Принцип циклизации — вовсе не поиск каких-то зацепок, которые позволяют циклу свиваться, как венок, разворачиваясь неожиданными образами. Любители поэтических циклов романтического типа обычно охотно их рассматривали, но так же охотно отводили глаза: образы должны были впечатлить гладкостью даже неожиданных сочетаний вещей и состояний, а сам ход разговора, как будто не вполне законченного, как будто оборванного на полуслове для новой реплики, требовал не всматриваться подробно в собственные чувства. Можно было просто идти по указаниям сквозного мотива, как по судьбам героев при просмотре сериала. Тогда как циклы Азаровой основаны не на сквозных мотивах или темах, но на переборе возможностей для какой-то из образных стратегий: как именно образы могут быть представлены в различных формах.
Например, цикл «Маньеризм» весь построен на соотношении фрагмента как завершённого образа и целого стихотворения как незавершённого образа.
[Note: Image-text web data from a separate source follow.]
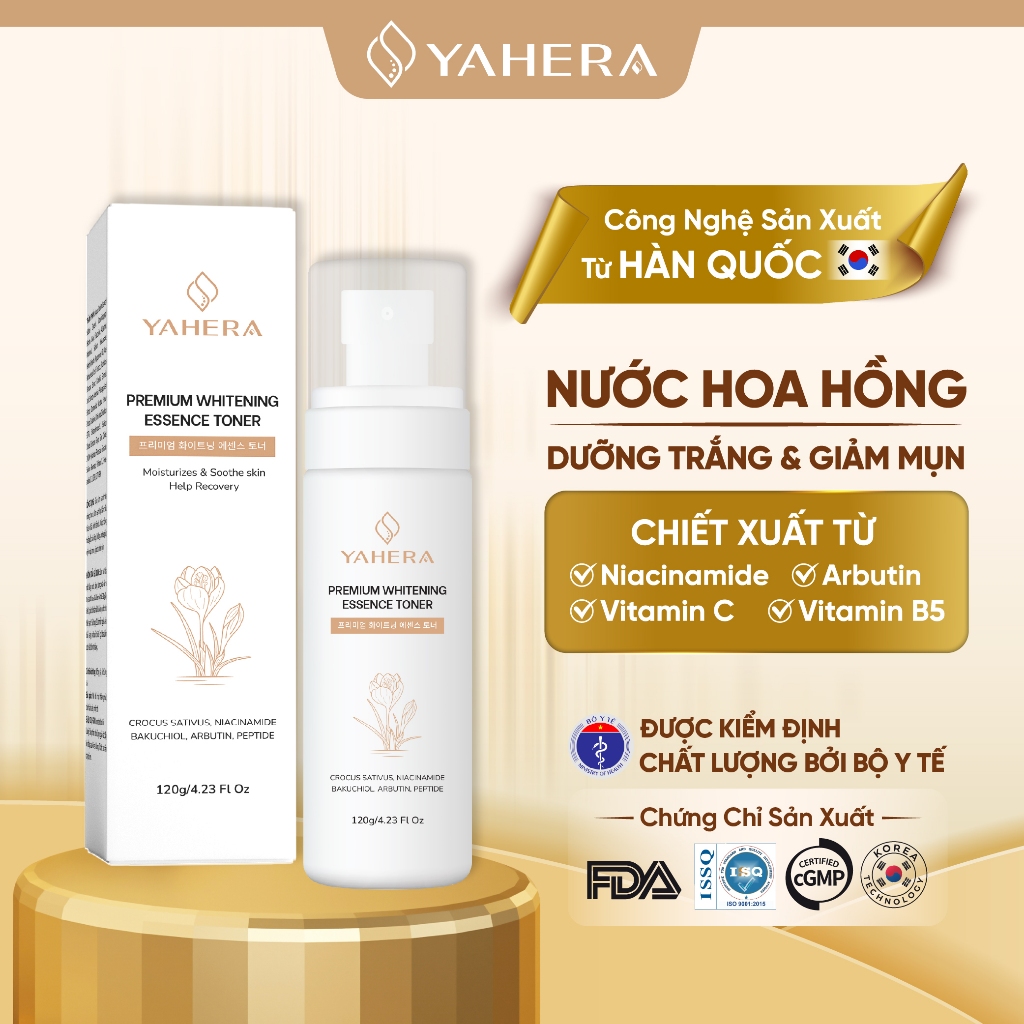 Nước cân bằng dưỡng trắng da YAHERA Premium Whitening Essence Toner giúp cân bằng độ pH da 120ml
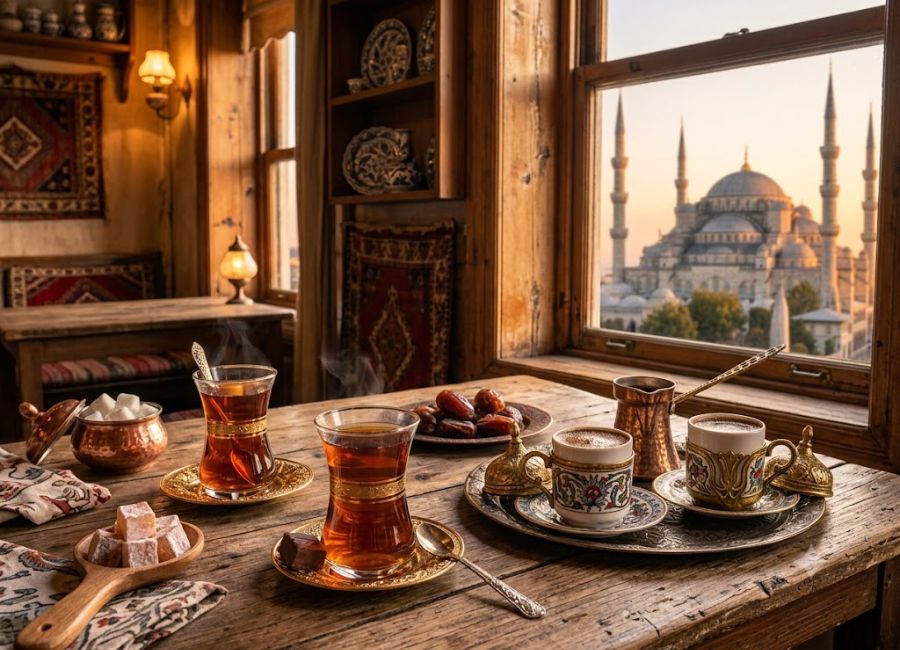 Turkish tea and Turkish coffee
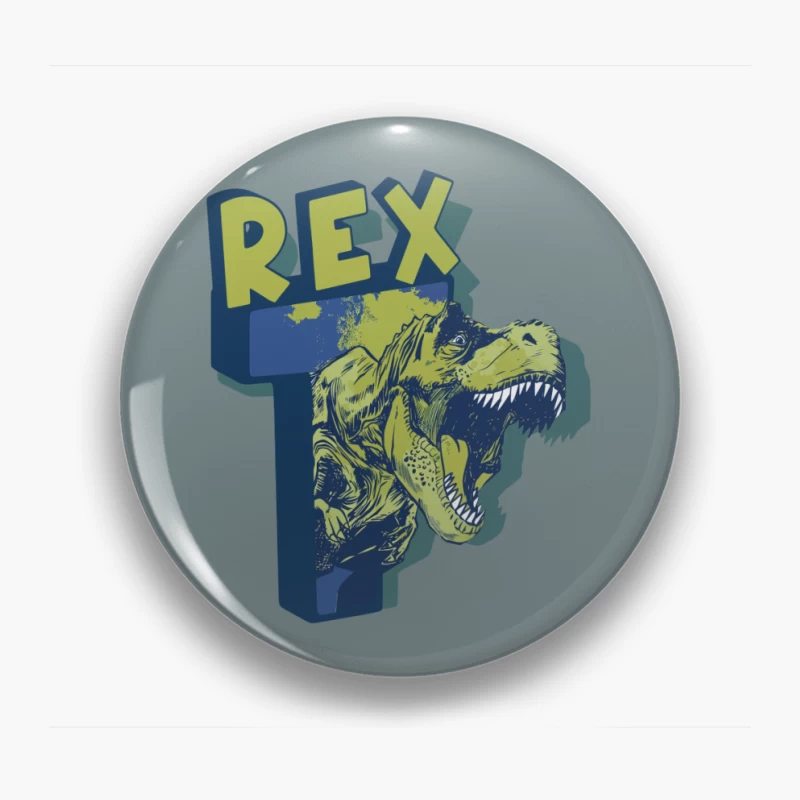 Bold Vintage T-Rex Graphic – Striking Dinosaur Design Pin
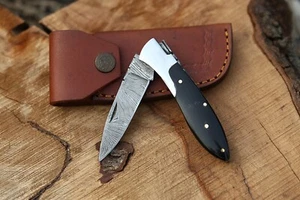 Damascus handmade  Folding Pocket knife camping Skinner Hunting Knife with Pouch - Picture 1 of 11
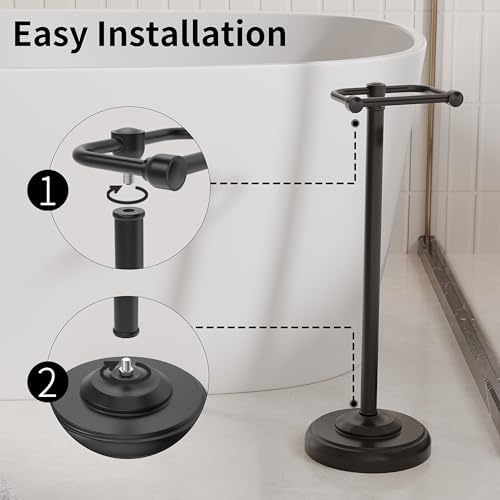 Toilet Paper Holder Stand, Matte Black Toilet Paper Holder Free Standing,Post Pivoting Design & Stable Weighted Base SUS304 Stainless Steel for Bathroom - Image 3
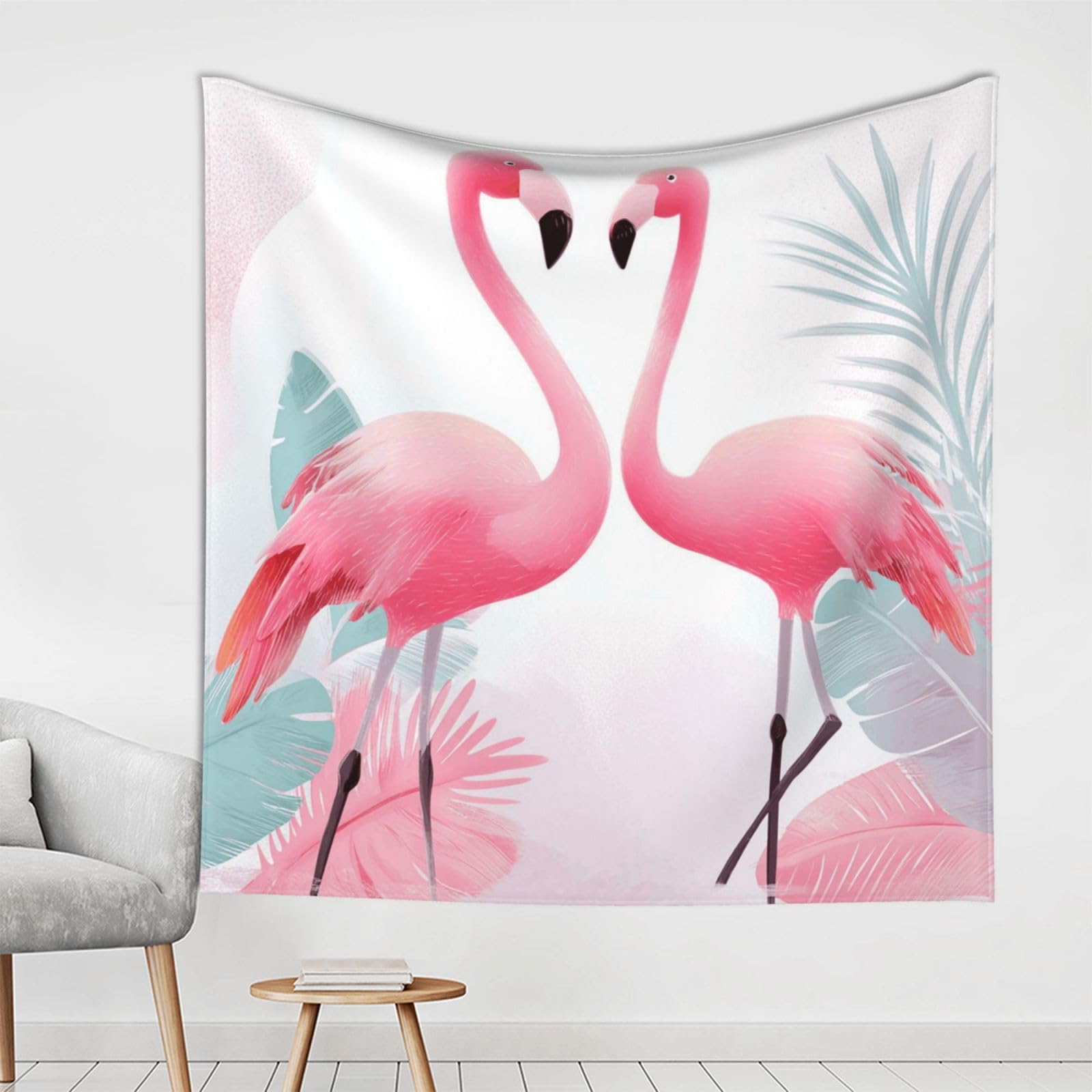 Xopekvlawm Flamingo Tapestry Wall Hanging For Bedroom Aesthetic Wall Mural Tapestries 150X150 Cm Art Backdrop Tapestries Landscape Poster Tapestry For Living Room Dorm Office Home Decor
Именно такова маньеристская живопись: не то чтобы детали интереснее композиции, наоборот, композиция чаще всего изумительная и приковывающая внимание. Но живописец-маньерист, когда думает о деталях, думает уже о прояснённом смысле: эти детали не складываются в историю, которая должна приобрести свой ход и свой размах, но уже сами заявляют о себе как о законченных образах, которые и позволяют художнику реализовывать свою умозрительную «идею» на уровне только сюжета. Художник уже не обязан быть «историком», повествователем, следя, как подробности фактов складываются в правильное убедительное повествование, — он может быть именно только художником, который, созерцая идею, озабочен лишь тем, в каких одеждах и декорациях она может выступить. На одном полотне маньериста будет не панорама исторического события и не развёрнутая аллегория добродетелей или темпераментов, но, скажем, любовь как поцелуй и любовь как солнечный свет. И при этом в маньеризме нельзя говорить, что один образ поддерживает другой, говорит какую-то подробность, которая нуждается в истолковании, — наоборот, эти образы равноправны в атмосфере явившейся идеи. Так и у Азаровой простые календарные указания на «ноябрьский полдень», «полуденную номенклатуру» или город, который «готовится к холоду», продолжаются образами почти сюрреалистическими, но основанными на отрицании, как «небо без иголок». Такие образы должны показать, что время переживается не как испуг, не как «жуткое», не как другой сюрреалистический аффект, но как вещь, из которой извлекли то, что делало её аффективной. Здесь циклизация позволяет достичь того очищения аффектов, которое давно невозможно внутри романных сюжетов: преображение героя или преображение ситуации будет для нас не так убедительно, как свободная возможность вещи обойтись без каких-то элементов.
Или, например, в цикле «Стихи о ёлке» меньше всего ставится цель проследить судьбу новогодней ёлки, будь то образ детского воспоминания, исторического фатума или неразрешимого противоречия естественного и искусственного. Ёлка здесь с самого начала разложена на элементы: зелень, иглы как чешуя, острия как блеск, ствол как шлагбаум. И затем оказывается, что каждый из этих элементов не просто что-то «напоминает», а начинает действовать по закону ассоциаций: шлагбаум действительно перекрывает дорогу, блеск напоминает о несбывшемся, суровая ель похожа на нелюбимую нефть. Это не привычные сравнения, которые должны уточнить смысл вещи, — это сравнения, выводящие вещь из «состояния» в «действие», можно сказать, обязывающие вещь действовать, причём действовать роковым образом.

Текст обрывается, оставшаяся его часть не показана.